R/nns_ratio.R
In conText: 'a la Carte' on Text (ConText) Embedding Regression

Documented in nns_ratio

#' Computes the ratio of cosine similarities for two embeddings over
#' the union of their respective top N nearest neighbors.
#'
#' Computes the ratio of cosine similarities between group embeddings and features
#' --that is, for any given feature it first computes the similarity between that feature
#' and each group embedding, and then takes the ratio of these two similarities.
#' This ratio captures how "discriminant" a feature is of a given group.
#' Values larger (smaller) than 1 mean the feature is more (less)
#' discriminant of the group in the numerator (denominator).
#'
#' @param x a (quanteda) `dem-class` or `fem-class` object.
#' @param N (numeric) number of nearest neighbors to return. Nearest neighbors
#' consist of the union of the top N nearest neighbors of the embeddings in `x`.
#' If these overlap, then resulting N will be smaller than 2*N.
#' @param numerator (character) defines which group is the nuemerator in the ratio
#' @param candidates (character) vector of features to consider as candidates to be nearest neighbor
#' You may for example want to only consider features that meet a certian count threshold
#' or exclude stop words etc. To do so you can simply identify the set of features you
#' want to consider and supply these as a character vector in the `candidates` argument.
#' @param pre_trained (numeric) a F x D matrix corresponding to pretrained embeddings.
#' F = number of features and D = embedding dimensions.
#' rownames(pre_trained) = set of features for which there is a pre-trained embedding.
#' @param stem (logical) - whether to stem candidates when evaluating nns.
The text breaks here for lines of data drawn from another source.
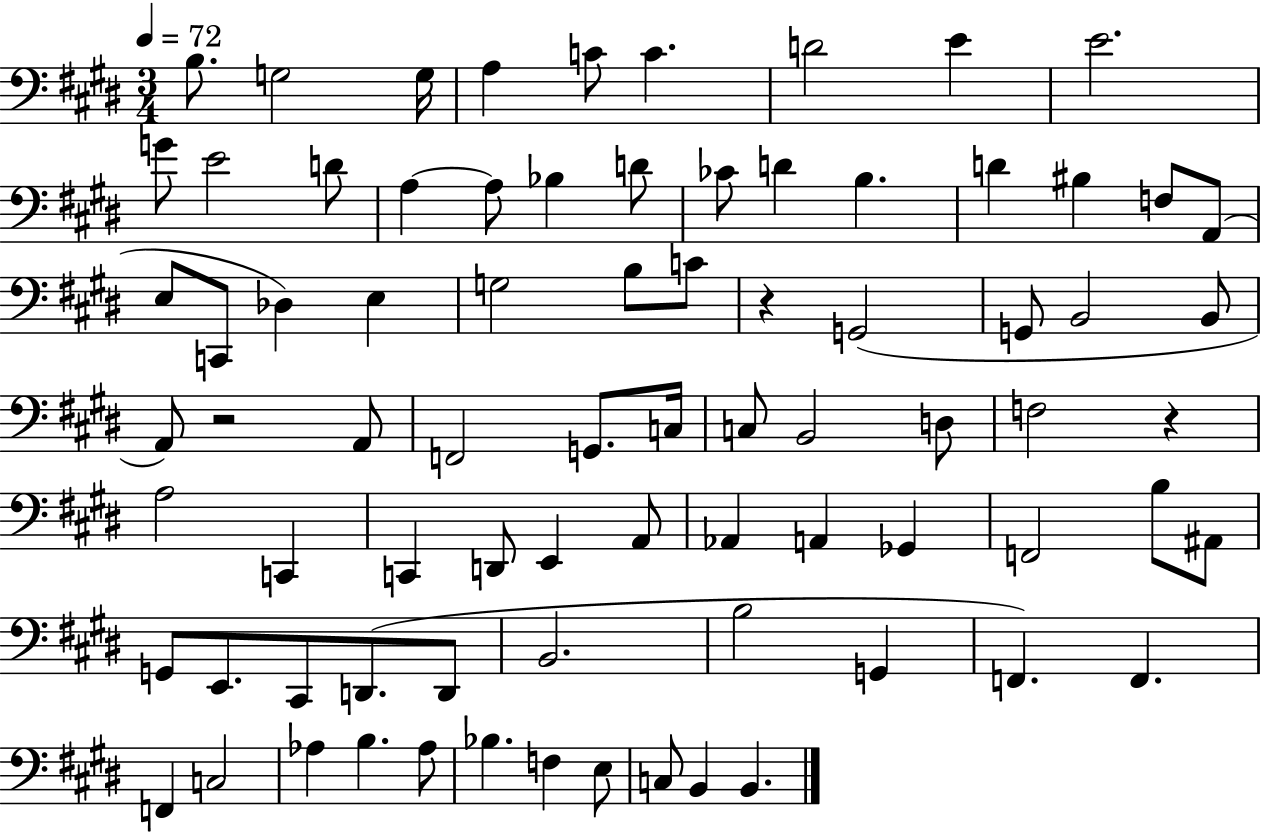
{
  \clef bass
  \numericTimeSignature
  \time 3/4
  \key e \major
  \tempo 4 = 72
  b8. g2 g16 | a4 c'8 c'4. | d'2 e'4 | e'2. | \break g'8 e'2 d'8 | a4~~ a8 bes4 d'8 | ces'8 d'4 b4. | d'4 bis4 f8 a,8( | \break e8 c,8 des4) e4 | g2 b8 c'8 | r4 g,2( | g,8 b,2 b,8 | \break a,8) r2 a,8 | f,2 g,8. c16 | c8 b,2 d8 | f2 r4 | \break a2 c,4 | c,4 d,8 e,4 a,8 | aes,4 a,4 ges,4 | f,2 b8 ais,8 | \break g,8 e,8. cis,8 d,8.( d,8 | b,2. | b2 g,4 | f,4.) f,4. | \break f,4 c2 | aes4 b4. aes8 | bes4. f4 e8 | c8 b,4 b,4. | \break \bar "|."
}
Default is FALSE.
#' If TRUE, candidate stems are ranked by their average cosine similarity to the target.
#' We recommend you remove misspelled words from candidate set `candidates` as these can
#' significantly influence the average.
#' @inheritParams SnowballC::wordStem
#' @param verbose report which group is the numerator and which group is the denominator.
#' @param show_language (logical) if TRUE print out message with language used for stemming.
#'
#' @return a `data.frame` with following columns:
#' \describe{
#'  \item{`feature`}{(character) features in `candidates`
#'  (or all features if `candidates` not defined), one instance for each embedding in `x`.}
#'  \item{`value`}{(numeric) ratio of cosine similarities.}
#'  }
#'
#' @export
#' @rdname nns_ratio
#' @keywords nns_ratio
#' @examples
#'
#' library(quanteda)
#'
#' # tokenize corpus
#' toks <- tokens(cr_sample_corpus)
#'
#' # build a tokenized corpus of contexts sorrounding a target term
#' immig_toks <- tokens_context(x = toks, pattern = "immigr*", window = 6L)
#'
#' # build document-feature matrix
#' immig_dfm <- dfm(immig_toks)
#'
#' # construct document-embedding-matrix
#' immig_dem <- dem(immig_dfm, pre_trained = cr_glove_subset,
#' transform = TRUE, transform_matrix = cr_transform, verbose = FALSE)
#'
#' # to get group-specific embeddings, average within party
#' immig_wv_party <- dem_group(immig_dem, groups = immig_dem@docvars$party)
#'
#' # compute the cosine similarity between each party's
#' # embedding and a specific set of features
#' nns_ratio(x = immig_wv_party, N = 10, numerator = "R",
#' candidates = immig_wv_party@features,
#' pre_trained = cr_glove_subset, verbose = FALSE)
#'
#' # with stemming
#' nns_ratio(x = immig_wv_party, N = 10, numerator = "R",
#' candidates = immig_wv_party@features,
#' pre_trained = cr_glove_subset, stem = TRUE, verbose = FALSE)
nns_ratio <- function(x, N = 10, numerator = NULL, candidates = character(0), pre_trained, stem = FALSE, language = 'porter', verbose = TRUE, show_language = TRUE){

  # check
  if(nrow(x)!=2) stop('nns_ratio can only be applied to a pair of embeddings i.e. nrow(x) must equal 2')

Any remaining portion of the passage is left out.